• [WHAT NEEDS TO BE DONE]
Print out the data that follows exactly, character for character, apart from the pictures.

• [DATA]

[Start of section]

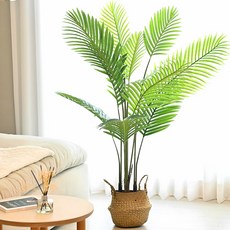 아르띠콜로 아레카야자 조화 나무+해초 바구니 세트, 160cm, 1개, 160cm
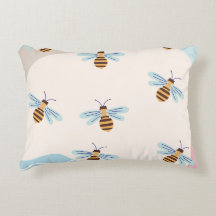 abeja una almohada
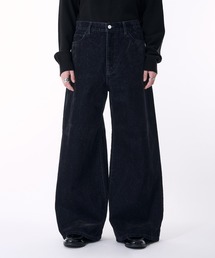 selle glant | FLOCKING DENIM WIDE PANTS/フロッキーデニムワイドパンツ(デニムパンツ)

[End of section]

• [SOLUTION]
 아르띠콜로 아레카야자 조화 나무+해초 바구니 세트, 160cm, 1개, 160cm
 abeja una almohada
 selle glant | FLOCKING DENIM WIDE PANTS/フロッキーデニムワイドパンツ(デニムパンツ)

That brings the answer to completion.